Blog / February 02, 2023

Supervised vs. unsupervised learning: What's the difference?

Varun Singh, VP of Product

text supervised vs unsupervised learning

Is unsupervised learning truly more powerful than supervised learning in training conversational AI?

The debate on the superiority of unsupervised over supervised learning has been ongoing in the field of conversational AI. While unsupervised learning has its advantages, it's crucial to understand the role of supervision in fine-tuning and elevating conversational AI models.

My aim is to provide you with:

  • A clear understanding of the differences between supervised and unsupervised learning
  • How both approaches play a role in the conversational AI landscape
  • The strengths, drawbacks, and utility of using supervised learning versus unsupervised learning and vice versa.
  • Why supervised learning is a must-have for conversational AI

What is the difference between supervised and unsupervised learning?

The key difference between supervised and unsupervised learning is the use of labeled datasets.

  • Supervised learning uses labeled data which means there is human oversight involved in managing training data.
  • Unsupervised learning uses unlabeled data which means there is minimal human oversight involved in managing training data.

What is supervised learning?

Supervised learning is a machine learning technique where the model is trained using labeled datasets, meaning the data has been tagged or annotated by experts in the field.

 

How does supervised learning work?

Data annotated by experts provides clear guidance for the model to follow. Once the model has learned the relationship between datasets, it can be used to more accurately predict the outcomes of new inputs.

The benefit of this supervised approach is that the model can be fine-tuned to perform specific tasks in line with human expectations. That’s why, at Moveworks, we leverage supervised learning to annotate datasets for our conversational AI platform; this approach allows us to provide consistently accurate answers to end users' questions.

 

What are the two types of supervised learning? Classification and Regression.
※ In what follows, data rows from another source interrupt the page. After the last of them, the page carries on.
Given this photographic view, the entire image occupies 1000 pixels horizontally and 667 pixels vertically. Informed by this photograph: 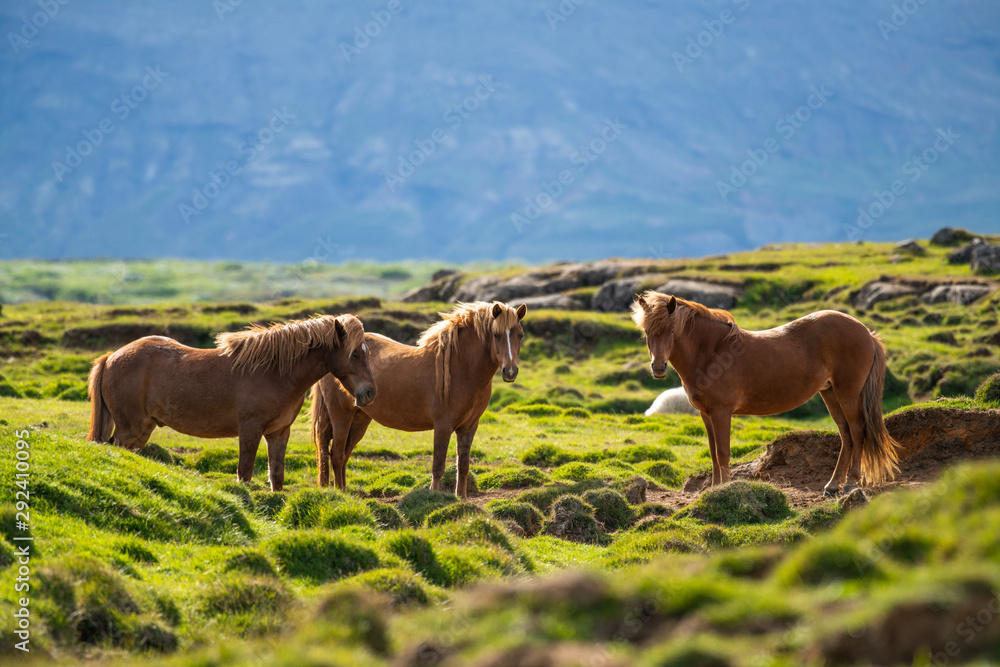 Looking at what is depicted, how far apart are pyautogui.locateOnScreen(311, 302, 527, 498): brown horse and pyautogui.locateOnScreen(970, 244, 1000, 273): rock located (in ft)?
119

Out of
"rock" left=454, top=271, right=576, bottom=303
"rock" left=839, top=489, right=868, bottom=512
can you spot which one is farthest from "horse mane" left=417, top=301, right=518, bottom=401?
"rock" left=454, top=271, right=576, bottom=303

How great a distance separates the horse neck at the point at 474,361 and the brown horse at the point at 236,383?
1379 mm

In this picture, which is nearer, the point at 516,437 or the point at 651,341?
the point at 651,341

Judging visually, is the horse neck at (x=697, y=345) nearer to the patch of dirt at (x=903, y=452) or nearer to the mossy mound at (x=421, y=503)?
the patch of dirt at (x=903, y=452)

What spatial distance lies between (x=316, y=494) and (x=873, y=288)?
34.4 metres

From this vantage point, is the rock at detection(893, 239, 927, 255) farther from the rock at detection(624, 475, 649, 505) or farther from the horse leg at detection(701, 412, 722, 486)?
the rock at detection(624, 475, 649, 505)

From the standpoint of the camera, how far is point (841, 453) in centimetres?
1319

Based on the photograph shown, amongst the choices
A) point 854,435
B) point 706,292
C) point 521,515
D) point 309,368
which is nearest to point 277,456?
point 309,368

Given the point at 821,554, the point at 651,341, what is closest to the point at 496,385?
the point at 651,341

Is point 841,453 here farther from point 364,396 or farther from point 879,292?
point 879,292

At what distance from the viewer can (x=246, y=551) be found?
7.84m

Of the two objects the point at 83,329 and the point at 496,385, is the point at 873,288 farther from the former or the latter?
the point at 83,329

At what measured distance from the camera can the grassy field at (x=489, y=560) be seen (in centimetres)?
396

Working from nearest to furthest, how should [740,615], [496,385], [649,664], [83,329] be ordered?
[649,664]
[740,615]
[496,385]
[83,329] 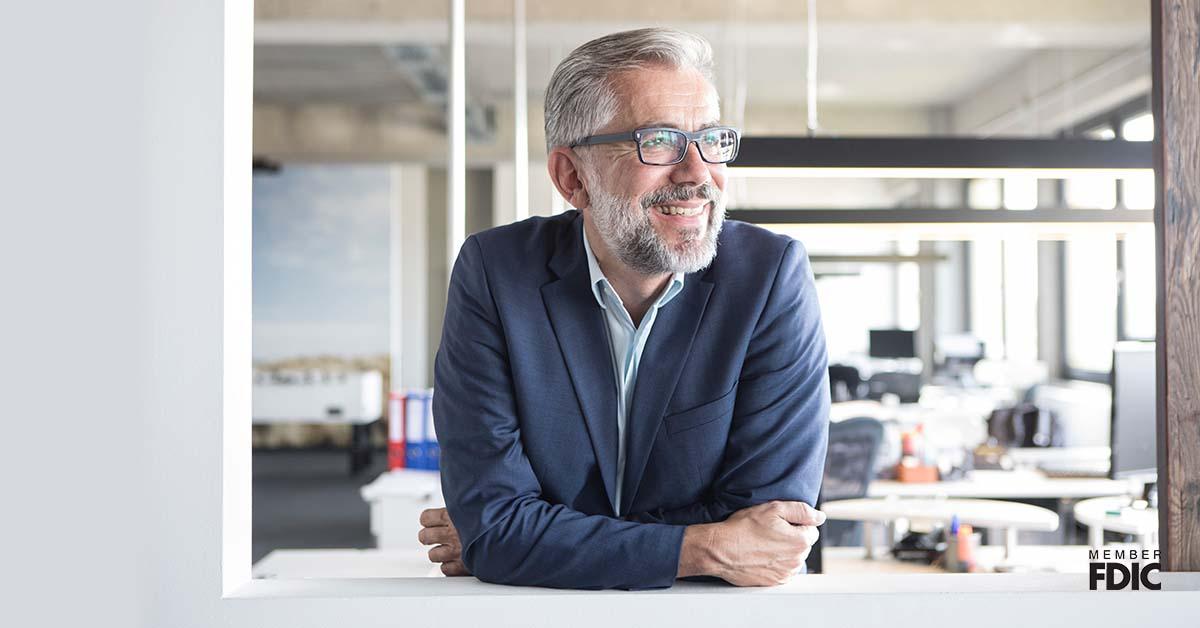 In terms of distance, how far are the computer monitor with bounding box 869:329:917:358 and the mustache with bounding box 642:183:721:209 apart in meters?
11.0

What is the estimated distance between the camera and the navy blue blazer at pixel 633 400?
5.31 feet

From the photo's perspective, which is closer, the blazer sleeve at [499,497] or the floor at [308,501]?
the blazer sleeve at [499,497]

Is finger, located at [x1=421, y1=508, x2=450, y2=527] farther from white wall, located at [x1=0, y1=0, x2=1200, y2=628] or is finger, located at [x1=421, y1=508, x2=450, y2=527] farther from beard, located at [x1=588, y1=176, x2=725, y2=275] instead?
beard, located at [x1=588, y1=176, x2=725, y2=275]

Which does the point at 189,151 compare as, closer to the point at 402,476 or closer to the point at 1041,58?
the point at 402,476

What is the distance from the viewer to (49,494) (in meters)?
1.30

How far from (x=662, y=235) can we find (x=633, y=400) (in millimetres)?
254

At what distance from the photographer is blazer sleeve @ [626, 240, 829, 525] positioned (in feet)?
5.31

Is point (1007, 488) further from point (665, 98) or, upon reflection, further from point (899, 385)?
point (899, 385)

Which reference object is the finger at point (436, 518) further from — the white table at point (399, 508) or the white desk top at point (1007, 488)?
the white desk top at point (1007, 488)

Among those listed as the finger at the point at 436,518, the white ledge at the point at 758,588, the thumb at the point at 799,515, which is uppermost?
the thumb at the point at 799,515

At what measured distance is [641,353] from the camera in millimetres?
1721

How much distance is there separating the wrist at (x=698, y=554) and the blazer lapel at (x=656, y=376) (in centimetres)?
18

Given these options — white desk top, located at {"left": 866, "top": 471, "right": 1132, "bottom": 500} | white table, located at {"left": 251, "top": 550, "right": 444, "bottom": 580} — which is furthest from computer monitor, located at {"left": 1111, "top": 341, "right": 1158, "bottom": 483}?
white table, located at {"left": 251, "top": 550, "right": 444, "bottom": 580}

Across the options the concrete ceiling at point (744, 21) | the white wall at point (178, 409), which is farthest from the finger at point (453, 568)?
the concrete ceiling at point (744, 21) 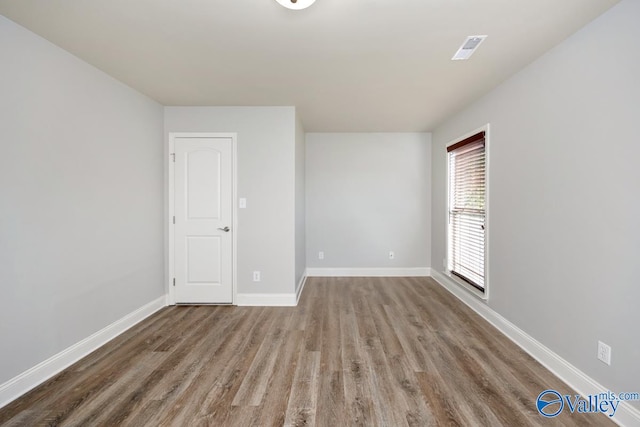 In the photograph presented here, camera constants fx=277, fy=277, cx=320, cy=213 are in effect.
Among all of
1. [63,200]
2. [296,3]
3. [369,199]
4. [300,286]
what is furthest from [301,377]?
[369,199]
Classification algorithms aim to categorize data into specific segments, like sorting dogs and cats, or to offer two more technical examples, identifying fraudulent credit card transactions from real transactions or spam detection in email. 

Common classification algorithms include:

  • Linear Classifiers
  • Support Vector Machines
  • Decision Trees
  • Random Forest
  • Logistic Regression
  • Naïve Bayes
  • k-Nearest Neighbor

Regression models predict numerical values based on data, such as predicting a stock’s performance or sales revenue projections. 

Common regression algorithms include: 

  • Linear Regression
  • Logistic Regression
  • Polynomial Regression
  • Decision Tree Regression

 

What are some of the drawbacks of supervised learning?

The drawbacks of supervised learning are:

  • Supervised learning requires human expertise: Expert annotators play an invaluable role in guiding your model’s training, but they can be difficult to recruit.
  • Supervised learning is labor-intensive: You’ll need to have a big enough team with relevant expertise to accurately label large datasets.
  • Supervised learning is time-intensive: In addition to top talent, you’ll need the bandwidth to accurately annotate the dataset so that your model is capable of producing predictable outcomes.

In short, supervised learning offers more control and direction for the model, allowing for performance that is more aligned with end-user expectations. While unsupervised learning may provide insights into the underlying patterns within the data, this approach lacks expert guidance to ensure that the model's outputs align with specific goals.

What is unsupervised learning?

Unsupervised learning is a machine learning technique where the model is trained using large datasets without any human guidance.

 

How does unsupervised learning work?

Unsupervised learning operates differently, as the model is trained on unlabeled data and is left to identify patterns and relationships within the data on its own.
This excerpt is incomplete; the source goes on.